De volken op twee rompen worden door het opzetten van de honingzolder verruimd. Het opzetten van de honingzolder mag niet te laat gebeuren zodat het broednest niet door de honingopslag beperkt wordt. De bijen kruipen dan niet graag door de moerrooster in de nieuwe ruimte.

Voordelig is het als alle volken van de bijenstand zich in dezelfde ontwikkelingsfase bevinden, waardoor o.a. het behandelen van alle volken gelijktijdig kan gebeuren.

De zwermstemming wordt nagezien volgens de kipmethode, waarbij de bovenste broedbak langs een zijde omhoog wordt getild. De zwermcellen bevinden zich meestal onderaan de bovenste ramen. Is de onderlat smaller (20 mm), dan is er een beter zicht op de zwermdoppen mogelijk. Wij kunnen ook dieper in de gangen tussen de ramen kijken.

Is het volk nog niet in zwermstemming dan wordt enkel de gesloten darrenraat uitgesneden, het lege raam gaat terug naar zijn plaats, de kast wordt gesloten.

De bovenste romp wordt nu geopend en de was­bruggen op de ramen verwijderd. Dit is nodig om het plaatsen van de moerrooster mogelijk te maken.

De honingzolder wordt aangebracht. Hij is afwisselend samengesteld uit waswafels en uitgebouwde raten. Er worden geen ramen met broed overgehangen.

Deze raamkeuze is nodig omdat wij de ramen later gebruiken voor het afslaan van bijen bij het vormen van kunstzwermen.

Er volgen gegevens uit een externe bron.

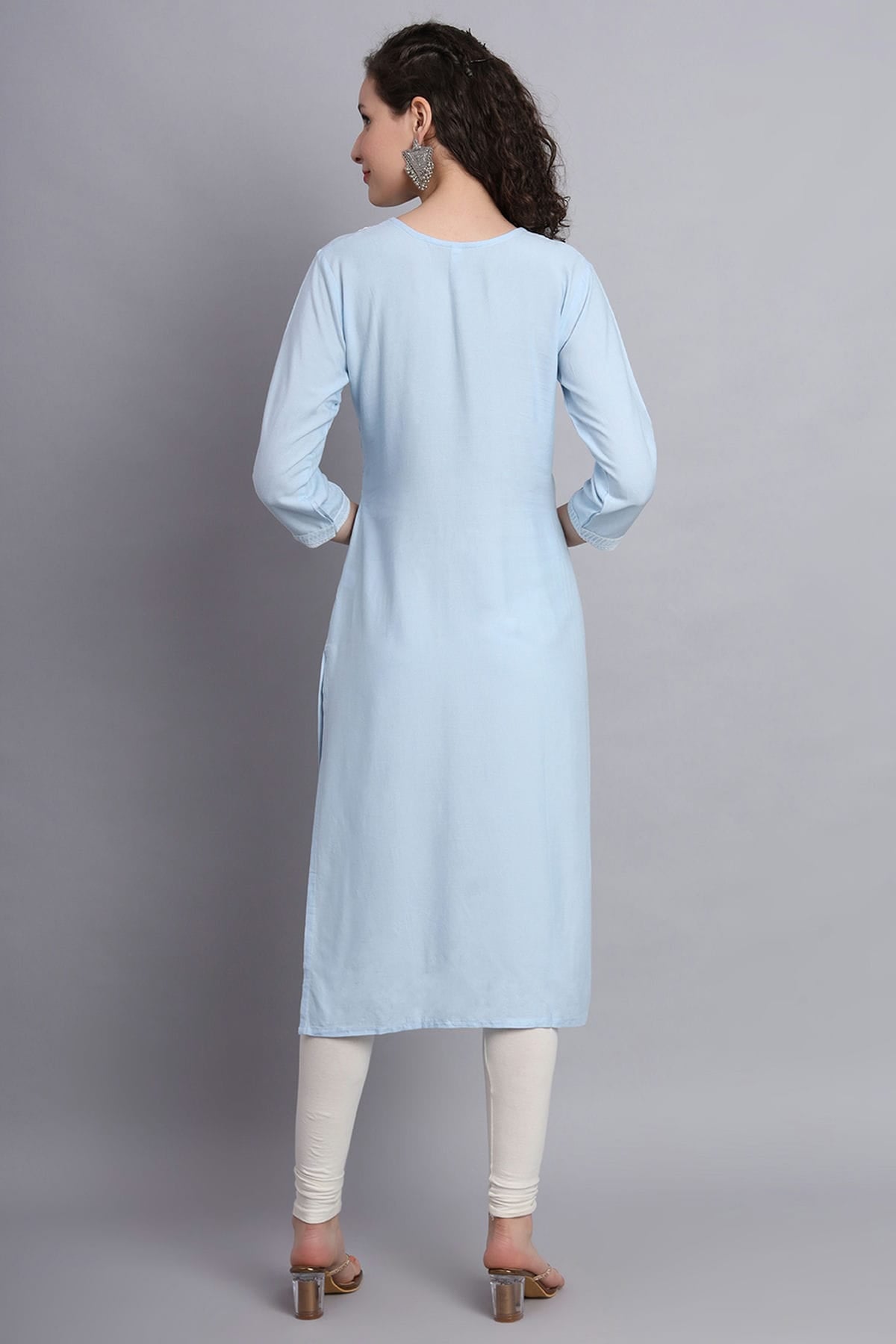 Sky Blue Colour Rayon Kurti VSKR1111150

Bovendien is de kans klein dat er wintervoer in de honing terecht komt.

Het reizen naar het koolzaad, dat veel nectar en stuifmeel oplevert, is voor veel imkers de eerste hoofddracht. Dit is ook het tijdstip voor het vermeerderen van de volken. Bij niet deskundige zorg geraken de volken snel in zwermstemming. Zwermen is gelijk aan delen en betekent bijen- en honingverlies, meer werk en burenlast.

Vanaf nu worden de bijen om de zeven tot negen dagen volgens de kipmethode op zwermneiging gecontroleerd.

Ook het bouwraam wordt nagezien om de bouwactiviteit te evalueren. Toont het volk geen zwermneiging dan wordt het eventueel gesloten darrenraam uitgesneden en leeg in de kast teruggeplaatst. Als dat nodig is, krijgt het volk een tweede honingzolder.

Is er zwermstennming aanwezig (belegde moerdoppen) dan moet het volk raam per raam / nagezien worden. Zodra zwermcellen aangezet en belegd zijn, verandert het gedrag van de bijen; ze werken niet meer zo vlijtig en de koningin beperkt haar leg. Met het afnemen van de leg neemt haar lichaamsgewicht af; ze wordt slanker en zal terug kunnen vliegen.

ALLE cellen moeten uitgebroken worden want anders zal het volk zwermen van zodra de eerste moerdop gesloten is. Zijn de volken bij overvloedige dracht voldoende sterk, dan wordt een tweede honingzolder opgezet, met dezelfde raamschikking als de eerste.

Kort samengevat:

  • voorwaarde voor het opzetten van de honing­zolder: de volkssterke is zo dat de bijen de twee broedkamers bezetten en dat er veel broed is;
  • enkel onberispelijke raampjes gebruiken voor de honingzolder, zeker geen ramen met schimmel. of gistingsporen in de cellen;
  • aanwezige wasbruggen op de bovenkant van de ramen verwijderen vóór het plaatsen van de moerrooster;
  • onder- en bovenlatten met een breedte van 20 mm bevorderen het kijken tussen de ramen. Dit verhoogt de doeltreffendheid van de zwerm-controle en vergemakkelijkt het gebruik van het ontzegelmes achteraf bij het slingeren.
  • bij verticale bedrading is een middengroef in de boven- en onderlat een voordeel. Wasaanbouw kan zonder het beschadigen van de bedrading verwijderd worden.
  • gesloten bouwramen uitsnijden;
  • schikken van ramen in de honingzolder: bij verticale bedrading van de raampjes is het belangrijk afwisselend een raam met waswafel en een uitgewerkt raam in te hangen om te verhinderen dat de bijen de waswafels gegolfd uitbouwen. Bij horizontale bedrading is het toevoegen van raampjes ‘in blok’ wel mogelijk.